NOTE: Since version 3.6.x, ContainerRegistrar supports two methods for registration: one for registering an IIdentity object and one for all other objects types. IIdentity objects must have an ID by overriding the IIdentity interface, otherwise, the registration will fail. The other method allows to register any other type object, in this case you need to use the method that receives the object and a unique identifier. If you try to call this method with an IIdentity object or with an invalid ID, the registration will fail.

Steps are by default IIdentity and have a default getId() implementation.

public class DBFetcher implements Step {

    private Container cntr;
    private Shouter shouter;

    @Override
    public void init(Container cntr, Shouter shouter) {
        // Container represents a place holder for general objects that must be available for multiple Steps.
        // Instead of passing these objects over and over to many functions, we use the Container too add and get the desired objects thread-safely
        this.cntr = cntr;
        
        // Shouter is responsible of notifying subscribers when onr or more Subjects' or Events' state change.
        this.shouter = shouter;
        //Usually Steps keeps a reference to these two objects for further usage
    }

    @Override
    public void onTickCallBack() {
       //Will be called periodically based on Step configuration. 
       //In this case the Step is configured to request CPU time every 10 seconds see getConfig()
       
       /*
       * PSEUDO_CODE
       * - getDBConnectionFromPool
       * - performSQLQuery
       * - Retrieve the data
       * - Manipulate the data
       * */
       
       // Shouter is responsible of notifying subscribers when onr or more Subjects' or Events' state change.
       // In this case new data has arrived and manipulated by DBFetcher Step.
       //Shouter notifies and safely publishes the data to "DBDataArrived" event subscribers
       shouter.shout("DBDataArrived", manipulatedData);
       
    }

     @Override
     public boolean followsSubject(String subjectType) {
         //This Step has no need to listen to other Steps' events, its an entry-point Step it makes use of onTickCallBack
         return false;
     }
 
     @Override
     public void onSubjectUpdate(Data data, String subjectType) {
         // Not Applicable
     }

    @Override
    public void onRestate() {
       //This is a special function called just once in the lifecycle of a Step.
       //Stepping allows Steps to hook into the initialization stage, before Steps execution in order to enable Steps to
       //load the necessary state into the Step before execution. This can be useful when spawning new instances of Stepping
       //and we need to fist load some state in-memory before starting. 
       //Stepping will wait for all Steps to "Re-state" before continuing the initialization process
    }



    public StepConfig getConfig() {
        //StepConfig is the Step's configuration object designed to override Steps default values.
        //In this case we enable TickCallBack event and set is the PeriodicDelay to 10 seconds
        StepConfig stepConfig = new StepConfig();
        stepConfig.setEnableTickCallback(true);
        stepConfig.setRunningPeriodicDelay(10000);//10 Seconds
        return stepConfig;
    }


    @Override
    public void onKill() {
        // Cleanup before process termination
    }
}

Once "DBDataArrived" was triggered, the "DBFetcher" Step is free to go to fetch the next chunk of data, while other Steps take care of this chunk.

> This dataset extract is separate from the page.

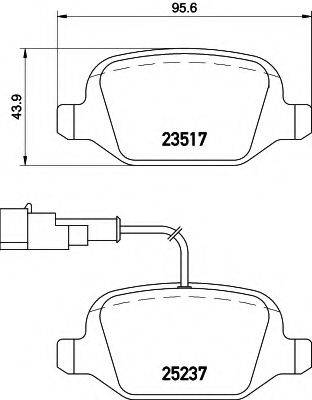 Комплект тормозных колодок, дисковый тормоз HELLA 8DB 355 019-961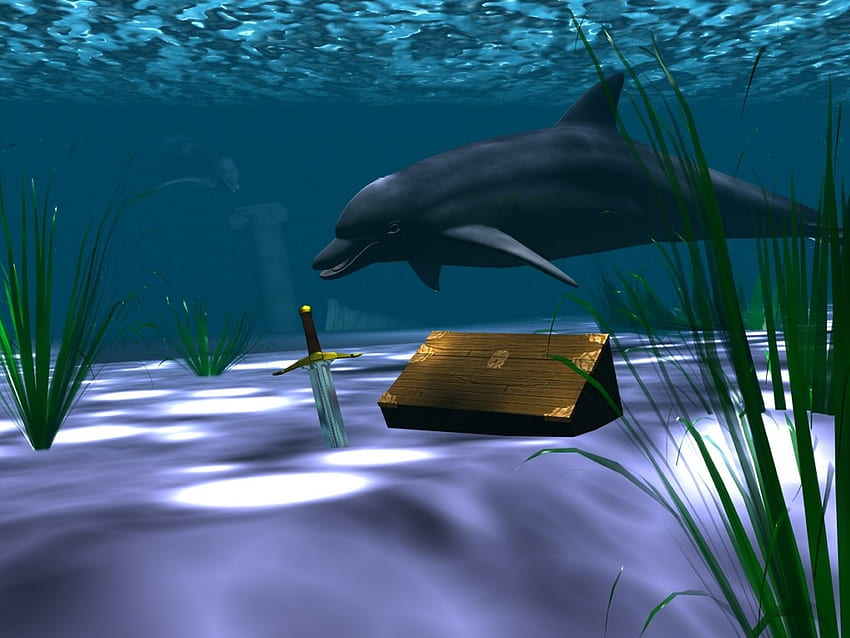 Delfin, zwierzę, morze, ocean Tapeta HD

The "KafkaFetcher" Step is similar to the "DBFetcher" Step. This Step is a Kafka Consumer that constantly receives streams of data, makes some data manipulation and notifies subscribers of "KafkaDataArrived" that Kafka data is ready.

public class KafkaFetcher implements Step {

    @Override
    public void init(Container cntr, Shouter shouter) { /*see comments above*/  }

    @Override
    public void onTickCallBack() {
       //Will be called periodically based on Step configuration. 
       //In this case the Step is configured to request CPU time every 1 millisecond see getConfig()
       
       /*
       * PSEUDO_CODE
       * - listenOnKafkaTopic
       * - On data arrival perform manipulation
       * */
       
      //see comments above
       shouter.shout("KafkaDataArrived", manipulatedData);
       
    }

    @Override
    public boolean followsSubject(String subjectType) {
        //This Step has no need to listen to other Steps' events, its an entry-point Step it makes use of onTickCallBack
        return false;
    }

    @Override
    public void onSubjectUpdate(Data data, String subjectType) {
        // Not Applicable
    }

    @Override
    public void onRestate() { /*see comments above*/  }



    public StepConfig getConfig() {
        //StepConfig is the Step's configuration object designed to override Steps default values.
        //In this case we enable TickCallBack event and set is the PeriodicDelay to 1 millisecond
        StepConfig stepConfig = new StepConfig();
        stepConfig.setEnableTickCallback(true);
        stepConfig.setRunningPeriodicDelay(1);//1 millisecond
        return stepConfig;
    }


    @Override
    public void onKill() { /*see comments above*/  }
}

Just as with "DBFetcher", once "KafkaDataArrived" event is triggered, the "KafkaFetcher" Step is ready to receive more streams of data, while other Steps take further care of the current stream.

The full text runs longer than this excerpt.